# Autosmart Trim Ultra



## mattsbmw (Jul 20, 2008)

Anyone tried it? if so what are your thoughts.


----------



## chris'svr6 (May 17, 2006)

Just picked up a sample from my rep...will be trying it out tommorow, so will report back then. Rep said it'll blacken oxidized bumpers, and the only product that'll remove it was G101. It contains silica, so will be oily. Watch this space.


----------



## mattsbmw (Jul 20, 2008)

Ok cool, look forward to the report, did the rep say it was ok on tyres or just trim?

thanks


----------



## alanjo99 (Nov 22, 2007)

Its pretty good stuff TBH , I have tried it a few times over the last few weeks and is very impressive.

Easy on - very small amount goes miles , just make sure you apply it a thin as you can.

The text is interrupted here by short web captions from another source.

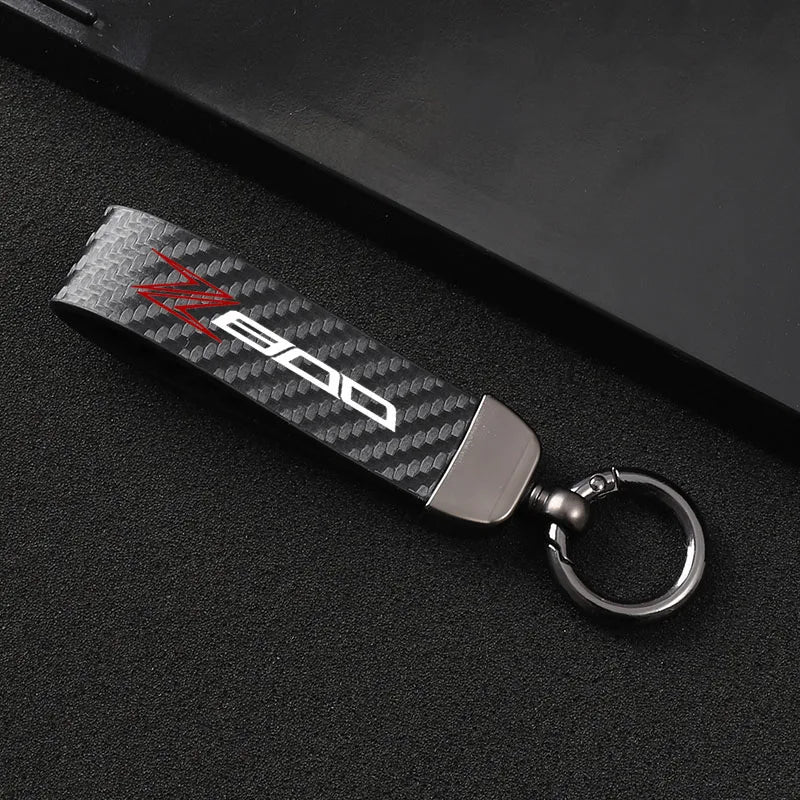 Z800 Carbon Keychain 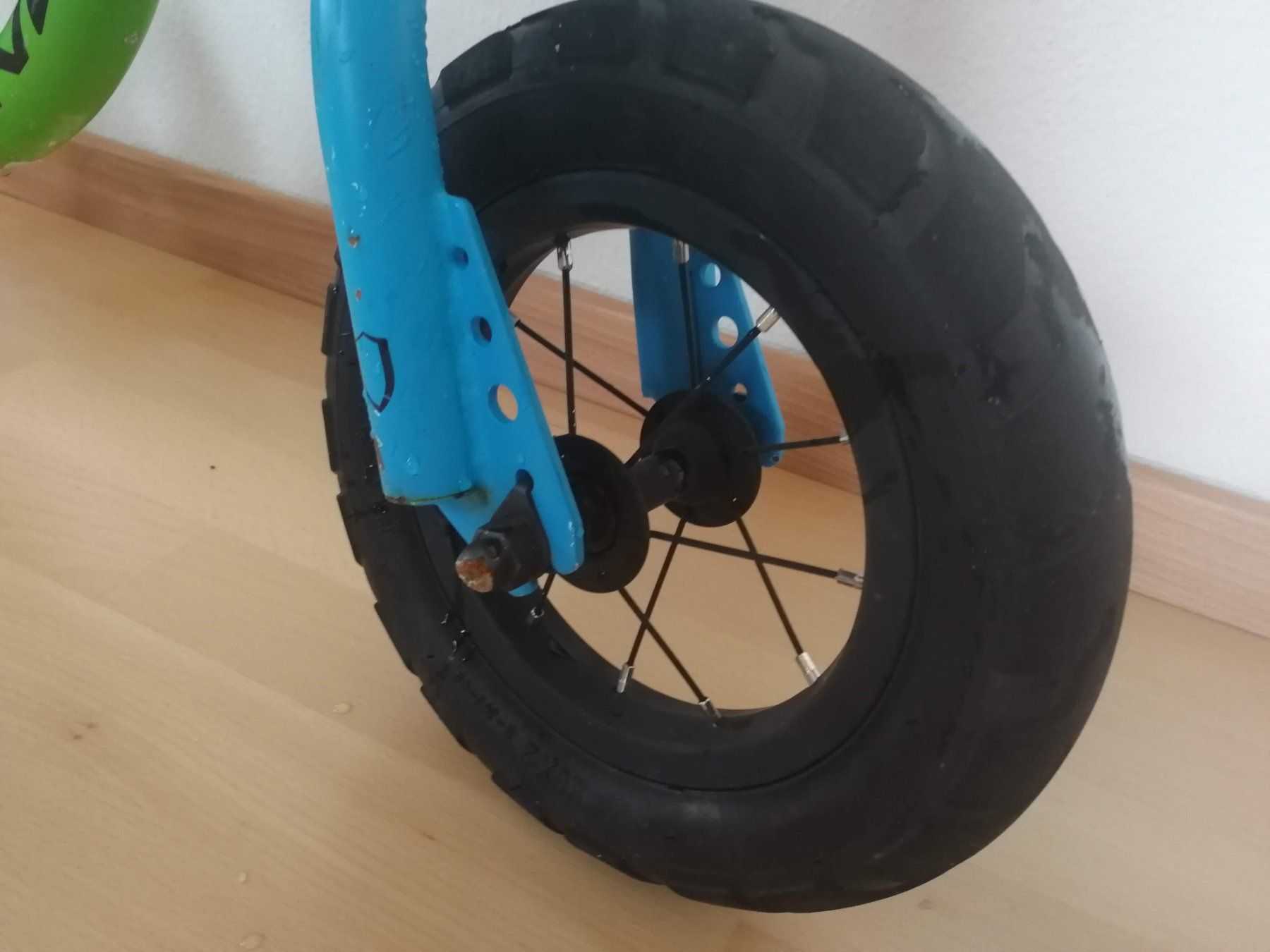 Biciclette: Laufrad Neuco Aluminium – Usato da Zollikon venduto da magicM 9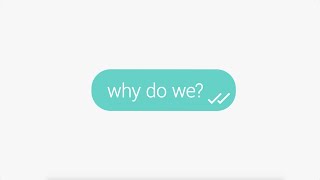 Gentle Bones - Why Do We? (Official Lyric Video)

Leave to cure - hey presto !

Here is a small section of the van bumper I did a couple of weeks back - It have done a few hundred miles & been washed daily - still going strong !

(specks on the finish is just dirt off the road)


----------



## bmw320i (Aug 30, 2007)

mmmm, interesting. Possible sample run entrant?!:thumb:


----------



## drive 'n' shine (Apr 22, 2006)

I've got a sample from my rep, only used it once so far, easy enough to use.

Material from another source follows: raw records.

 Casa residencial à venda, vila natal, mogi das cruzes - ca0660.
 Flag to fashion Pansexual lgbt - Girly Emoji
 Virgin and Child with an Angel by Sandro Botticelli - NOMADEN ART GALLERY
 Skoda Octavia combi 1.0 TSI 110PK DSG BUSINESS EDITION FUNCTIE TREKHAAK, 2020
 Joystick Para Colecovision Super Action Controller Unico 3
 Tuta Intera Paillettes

Claimed to have 3 - 4 months durability


----------



## alanjo99 (Nov 22, 2007)

bmw320i said:


> mmmm, interesting. Possible sample run entrant?!:thumb:


:thumb:



drive 'n' shine said:


> I've got a sample from my rep, only used it once so far, easy enough to use.
> 
> Claimed to have 3 - 4 months durability


Am I THE only one who doesn't get samples from somewhere ?? :wall:


----------



## Ibi_TME (Jul 20, 2008)

alanjo99 said:


> :thumb:
> 
> Am I THE only one who doesn't get samples from somewhere ?? :wall:


What do you want a sample of??:lol:

Thanks
Ibi


----------



## mattsbmw (Jul 20, 2008)

Thanks for the response guys, what sort of price is running at from the reps?


----------



## a15cro (May 13, 2008)

Ooohhh now I would love to try a sample of this piece of magic lol.

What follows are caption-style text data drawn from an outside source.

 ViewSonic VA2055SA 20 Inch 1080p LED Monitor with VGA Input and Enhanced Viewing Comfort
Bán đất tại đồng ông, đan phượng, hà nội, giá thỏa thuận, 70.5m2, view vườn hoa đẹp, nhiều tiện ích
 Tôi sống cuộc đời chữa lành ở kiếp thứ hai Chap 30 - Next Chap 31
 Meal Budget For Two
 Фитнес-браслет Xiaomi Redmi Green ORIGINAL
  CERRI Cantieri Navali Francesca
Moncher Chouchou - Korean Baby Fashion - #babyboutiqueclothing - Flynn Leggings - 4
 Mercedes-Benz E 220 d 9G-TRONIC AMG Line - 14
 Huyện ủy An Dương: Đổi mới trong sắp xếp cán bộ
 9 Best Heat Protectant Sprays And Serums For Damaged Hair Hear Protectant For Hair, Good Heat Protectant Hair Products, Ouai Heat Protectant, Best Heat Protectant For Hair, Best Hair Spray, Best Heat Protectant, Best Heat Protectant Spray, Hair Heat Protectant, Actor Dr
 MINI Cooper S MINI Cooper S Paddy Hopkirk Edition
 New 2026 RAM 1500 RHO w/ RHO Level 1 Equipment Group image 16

Hope I dont miss out when it goes on.


----------



## smartie53 (Apr 12, 2008)

mattsbmw said:


> Ok cool, look forward to the report, did the rep say it was ok on tyres or just trim?
> 
> thanks


Its a exterior dressing ONLY.

No Tyres, dude. possibly it will replace Vinyl Shield.


----------



## Grizzle (Jul 12, 2006)

Vinyl shield is awful!!!


----------



## mattsbmw (Jul 20, 2008)

chris'svr6 said:


> Just picked up a sample from my rep...will be trying it out tommorow, so will report back then. Rep said it'll blacken oxidized bumpers, and the only product that'll remove it was G101. It contains silica, so will be oily. Watch this space.


Did you manage to try this, and if so what are your thoughts?


----------



## lmc leroy (Apr 26, 2008)

Looks good stuff, my rep told me that trim wizzard was good for all, i found it to be good on tyres and not as good as other products on the bumpers. So i'm now a bit doubtful, i'll see how you guys get on here. You guys will tell the truth.


----------



## David (Apr 6, 2006)

whats it like when it rains?

i bought some "trim dressing" and the minute it rained the streaked like mad, rather than bead


----------



## BIG BAVARIAN (May 7, 2006)

it is recommended to cure fully for 4 hours,before exposure to the elements and it smells just like linseed oil and has a very thin viscosity


----------



## JONER10 (Sep 30, 2008)

Go direct to Autosmart HQ and ask for ur local reps number!!!!


----------